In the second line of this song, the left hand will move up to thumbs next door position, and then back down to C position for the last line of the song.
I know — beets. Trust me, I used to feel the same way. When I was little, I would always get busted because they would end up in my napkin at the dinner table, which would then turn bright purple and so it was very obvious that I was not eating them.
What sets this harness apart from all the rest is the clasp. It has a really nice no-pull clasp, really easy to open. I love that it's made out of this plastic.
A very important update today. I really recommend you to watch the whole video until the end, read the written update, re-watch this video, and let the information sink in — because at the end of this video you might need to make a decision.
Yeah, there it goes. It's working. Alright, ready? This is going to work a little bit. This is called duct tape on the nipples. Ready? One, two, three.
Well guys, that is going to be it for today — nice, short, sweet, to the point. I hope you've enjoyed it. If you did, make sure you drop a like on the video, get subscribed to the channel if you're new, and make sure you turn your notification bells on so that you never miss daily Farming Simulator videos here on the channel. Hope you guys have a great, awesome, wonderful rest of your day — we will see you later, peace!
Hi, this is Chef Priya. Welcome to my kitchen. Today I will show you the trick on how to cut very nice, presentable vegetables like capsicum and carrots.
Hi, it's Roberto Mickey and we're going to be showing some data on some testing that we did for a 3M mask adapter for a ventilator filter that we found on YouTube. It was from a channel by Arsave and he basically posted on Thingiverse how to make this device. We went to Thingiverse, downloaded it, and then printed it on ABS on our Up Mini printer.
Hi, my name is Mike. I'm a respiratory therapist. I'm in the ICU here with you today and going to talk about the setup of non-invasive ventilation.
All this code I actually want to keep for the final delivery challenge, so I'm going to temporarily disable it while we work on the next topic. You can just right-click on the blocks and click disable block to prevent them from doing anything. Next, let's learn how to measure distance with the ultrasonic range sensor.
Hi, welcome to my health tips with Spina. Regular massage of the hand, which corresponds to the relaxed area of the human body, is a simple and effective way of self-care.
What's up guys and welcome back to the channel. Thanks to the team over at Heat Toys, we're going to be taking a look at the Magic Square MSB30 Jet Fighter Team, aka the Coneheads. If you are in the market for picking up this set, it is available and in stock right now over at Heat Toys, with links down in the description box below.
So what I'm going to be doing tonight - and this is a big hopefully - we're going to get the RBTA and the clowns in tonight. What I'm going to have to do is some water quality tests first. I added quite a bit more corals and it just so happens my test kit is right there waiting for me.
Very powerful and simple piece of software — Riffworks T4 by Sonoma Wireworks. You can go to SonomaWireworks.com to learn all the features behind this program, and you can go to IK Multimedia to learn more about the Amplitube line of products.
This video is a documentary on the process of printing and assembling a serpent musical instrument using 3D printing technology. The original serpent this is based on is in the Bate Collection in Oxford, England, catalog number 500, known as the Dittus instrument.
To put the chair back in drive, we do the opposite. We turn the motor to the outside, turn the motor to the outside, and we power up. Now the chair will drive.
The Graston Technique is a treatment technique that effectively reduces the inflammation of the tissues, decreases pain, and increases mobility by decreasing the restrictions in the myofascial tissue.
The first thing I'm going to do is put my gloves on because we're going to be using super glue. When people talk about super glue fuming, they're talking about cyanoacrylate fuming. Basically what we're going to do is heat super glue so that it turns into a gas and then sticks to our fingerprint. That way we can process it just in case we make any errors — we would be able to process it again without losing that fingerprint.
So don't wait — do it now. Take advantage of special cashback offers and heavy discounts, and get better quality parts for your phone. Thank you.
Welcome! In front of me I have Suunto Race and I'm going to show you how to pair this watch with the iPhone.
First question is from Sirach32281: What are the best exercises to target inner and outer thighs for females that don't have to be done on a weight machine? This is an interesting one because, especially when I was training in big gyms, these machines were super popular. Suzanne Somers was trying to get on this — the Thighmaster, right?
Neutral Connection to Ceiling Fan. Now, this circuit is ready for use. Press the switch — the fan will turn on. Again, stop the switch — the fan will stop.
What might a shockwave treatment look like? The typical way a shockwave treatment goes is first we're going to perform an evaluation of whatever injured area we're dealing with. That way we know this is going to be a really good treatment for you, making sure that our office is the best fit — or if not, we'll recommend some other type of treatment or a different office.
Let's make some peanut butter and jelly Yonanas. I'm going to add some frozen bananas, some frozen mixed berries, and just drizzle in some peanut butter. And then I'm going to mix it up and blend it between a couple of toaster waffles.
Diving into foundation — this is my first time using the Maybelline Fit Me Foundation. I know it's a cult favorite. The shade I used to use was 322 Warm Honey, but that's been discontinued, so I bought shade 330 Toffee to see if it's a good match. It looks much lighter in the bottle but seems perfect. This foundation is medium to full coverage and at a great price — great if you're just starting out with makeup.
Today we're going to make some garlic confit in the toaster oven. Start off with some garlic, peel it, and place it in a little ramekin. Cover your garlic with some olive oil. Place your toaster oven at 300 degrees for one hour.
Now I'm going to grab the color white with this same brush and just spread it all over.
------------------------
Task |
Determine which lines above include the word "them", and report those lines in full.

Response |
I know — beets. Trust me, I used to feel the same way. When I was little, I would always get busted because they would end up in my napkin at the dinner table, which would then turn bright purple and so it was very obvious that I was not eating them.
All this code I actually want to keep for the final delivery challenge, so I'm going to temporarily disable it while we work on the next topic. You can just right-click on the blocks and click disable block to prevent them from doing anything. Next, let's learn how to measure distance with the ultrasonic range sensor.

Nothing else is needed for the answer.